The irony is that, almost without fail, the system integrator excludes data take on (and cleaning) from the project plan – this remains the responsibility of the client. So we find situations like that of the Johannesburg municipality – an award winning SAP implementation that delivered to the project plan. Yet after spending a reputed R1billion (US$150million) to address billing issues the city is now even worse off – being owed an estimated R12billion by that cannot be accurately traced, is in dispute, or will have to be written off. SAP denies that the system is the problem. The City agrees that the problems can be traced to data quality issues related to the data take on and integration of data from various disparate systems into SAP.

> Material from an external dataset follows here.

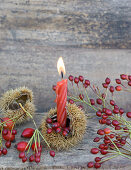 Sweet chestnut case used as candle holder decorated with rosehips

So why were these challenges overlooked? Well, the City is not alone. Various studies link data quality challenges to the failure of almost 80% of big IT projects – ERP, CRM, MDM and Data Warehousing projects on reliant on accurate data. In most cases, data migration is ignored or left until last – a recipe for failure.
Rather than leaving data quality and data integration challenges to the “end” of the project, and then discovering that substantial design changes and redevelopment are required in order to address these, project teams must plan for Data Integration from Day 1. It is business’ responsibility to ensure that the chosen supplier is not allowed to cop out of the data take on challenge! Surely a successful project must include data that is fit for purpose?
A cross functional (business and technical) team should be established early as a stream within the broader project team. This team should be responsible for identifying and documenting the required to be state of data in the new system.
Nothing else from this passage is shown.